Realizing that they must revitalize bargaining in response to these new conditions, public-sector unions began to experiment with new approaches in the aftermath of the Great Recession. Since 2012, teachers’ unions affiliated with the NEA and the AFT in Chicago, St. Paul, and Seattle, and municipal workers affiliated with the SEIU and AFSCME in San Diego and Los Angeles, have sought to expand the ranks of those who participate in collective bargaining, open up its processes, and broaden its purposes. They have invited community allies to help craft bargaining demands that advance shared goals, then insisted that these allies get a seat at the bargaining table.
These experiments have used bargaining to challenge how big money controls the public agenda. Chicago teachers documented the loss of tens of millions of dollars in school funding to toxic interest-rate swaps foisted on the school district by private managers, and millions more in tax giveaways to wealthy corporations; Los Angeles municipal workers found that their city spent more in fees to wealthy Wall Street firms than it did maintaining streets; St. Paul teachers discovered that their school district did business with banks that foreclosed on students’ families during the school year; and Seattle teachers exposed rampant racial inequities. Strong union-community alliances used bargaining to address these issues.
These experimenters convened at Georgetown University in 2014 and gave a name to their approach, one that resonates deeply with the language of Catholic social teaching. They called it Bargaining for the Common Good.
The teacher uprisings this past spring took up Bargaining for the Common Good in style if not in name. In West Virginia, teachers refused to return to work until all state workers had received a pay increase equal to theirs. In Oklahoma, teachers protested the state’s failure to fairly tax wealthy oil and gas interests. In Arizona, they demanded that no further tax cuts be enacted until the state’s per-pupil spending on education reached the national average.

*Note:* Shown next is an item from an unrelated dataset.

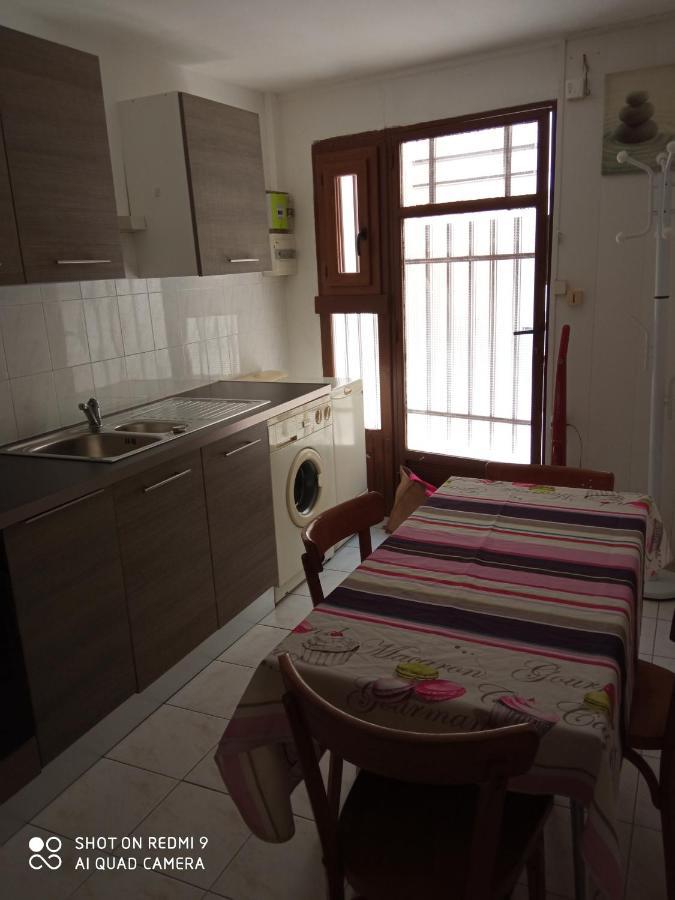 Ferienwohnung Grand Studio A 2Mn A Pied Des Plages Mèze Exterior foto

Although the nascent effort to reinvent public-sector bargaining has a long way to go, there is reason to believe that Janus will accelerate it. To survive, unions know they must enlist allies and cultivate public support by defending the common good. As they find ways to do this, there is also reason to believe that their successes might help revitalize our deeply broken system of private-sector bargaining. Just as the success of private-sector bargaining after World War II provided a model for spreading public-sector bargaining in the 1960s, public-sector experiments with Bargaining for the Common Good could in time inspire new private-sector bargaining models.
As unions struggle to respond creatively to this crucial moment, can we expect the same from Catholic leaders? Pope Francis eloquently defends unions and condemns “the economy of exclusion and inequality”; some influential U.S. bishops echo him. But overall, the U.S. church’s defense of collective bargaining needs to be more than an afterthought, remembered only when it is imperiled. It isn’t only unions that are facing an existential crisis after Janus—so is Catholic social teaching on labor.